Un an après les attentats de Paris, la France toujours placée sous haute sécurité

Benjamin Masse correspondant à Paris
Police officers work at Paris Prefecture control room, in Paris, Thursday, Nov. 10, 2016. Sunday marks the first anniversary of the Nov. 13, Paris attacks. (AP Photo/Thibault Camus)
Police officers work at Paris Prefecture control room, in Paris, Thursday, Nov. 10, 2016. Sunday marks the first anniversary of the Nov. 13, Paris attacks. (AP Photo/Thibault Camus) ©AP

Un an après les attentats de Paris, c’est l’heure d’un premier bilan, concernant les mesures judiciaires et policières mises en œuvre par le gouvernement. Bernard Cazeneuve, le ministre de l’Intérieur, s’est lui-même livré à cet exercice, la semaine passée, lors d’une réunion de travail entre les procureurs et les préfets. Il est notamment revenu sur les résultats chiffrés de l’état d’urgence, instauré le 14 novembre 2015, pour la première fois depuis la guerre d’Algérie. Selon le ministre, ce sont plus de 4000 perquisitions administratives qui ont eu lieu dans ce cadre, et 95 assignations à résidence sont toujours en vigueur. 600 armes de feu ont été saisies, dont 77 armes de guerre. "Près de 500 interpellations ont été réalisées, qui ont donné lieu à 426 gardes à vue.", a-t-il ajouté.

Le dispositif demeure cependant controversé.

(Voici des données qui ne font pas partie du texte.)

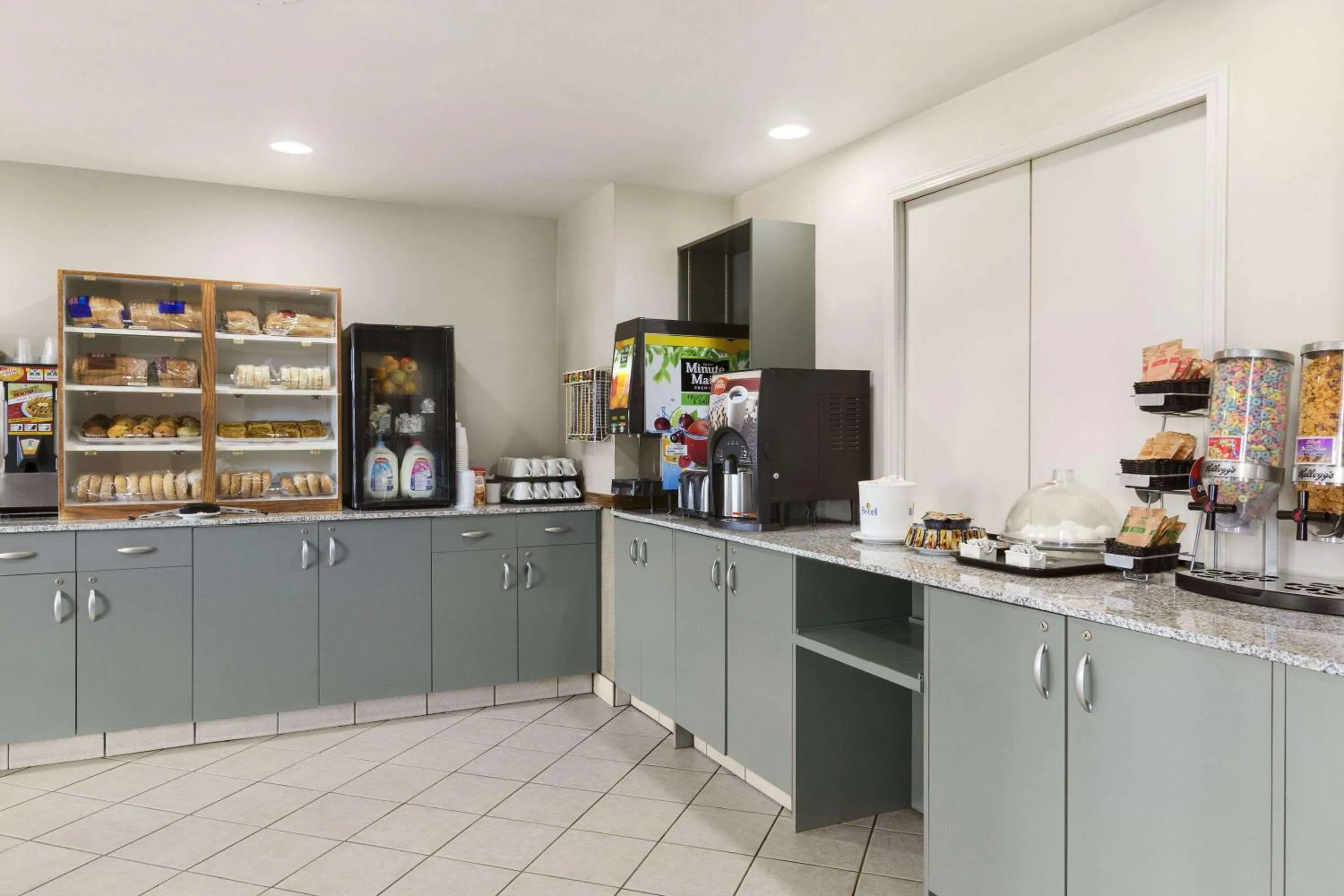 Restaurant/places to eat in Days Inn by Wyndham Steinbach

Dans un rapport en février dernier, Amnesty International avait constaté que "des pouvoirs exécutifs étendus, assortis de très peu de contrôles sur leur application, ont causé toute une série de violations des droits humains." Peu avant la Cop21, le gouvernement avait aussi été critiqué pour avoir utilisé l’état d’urgence pour perquisitionner des militants zadistes.

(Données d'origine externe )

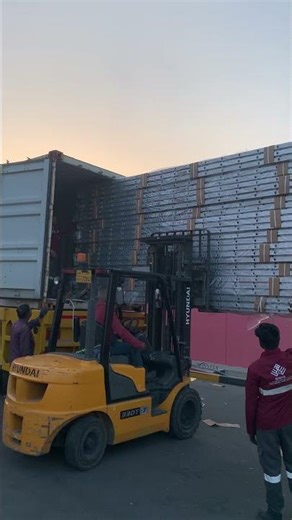 How to offload Aluminum ladders from container #crane #automobile #forklift #transport #machinery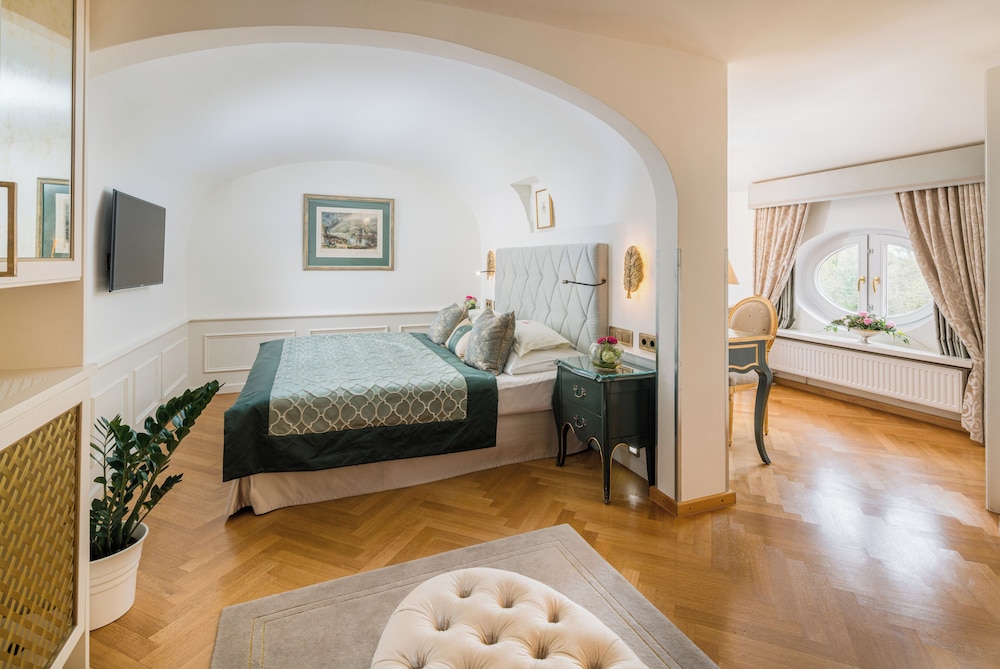 Romantic Double Room, 1 King Bed, Bathtub, City View photo 2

Après avoir annoncé sa levée le 14 juillet, François Hollande l’avait finalement prolongé, après l’attentat de Nice. "On ne peut pas imaginer que cela devienne un dispositif permanent, ne serait-ce que du fait de l’ampleur des moyens humains qu’il implique, estime Jean-François Daguzan, directeur adjoint de la Fondation pour la recherche stratégique, un groupe de réflexion spécialisé dans les questions de sécurité. Les forces militaires, par exemple, pourraient être employées de manière plus fine qu’en patrouillant dans les rues."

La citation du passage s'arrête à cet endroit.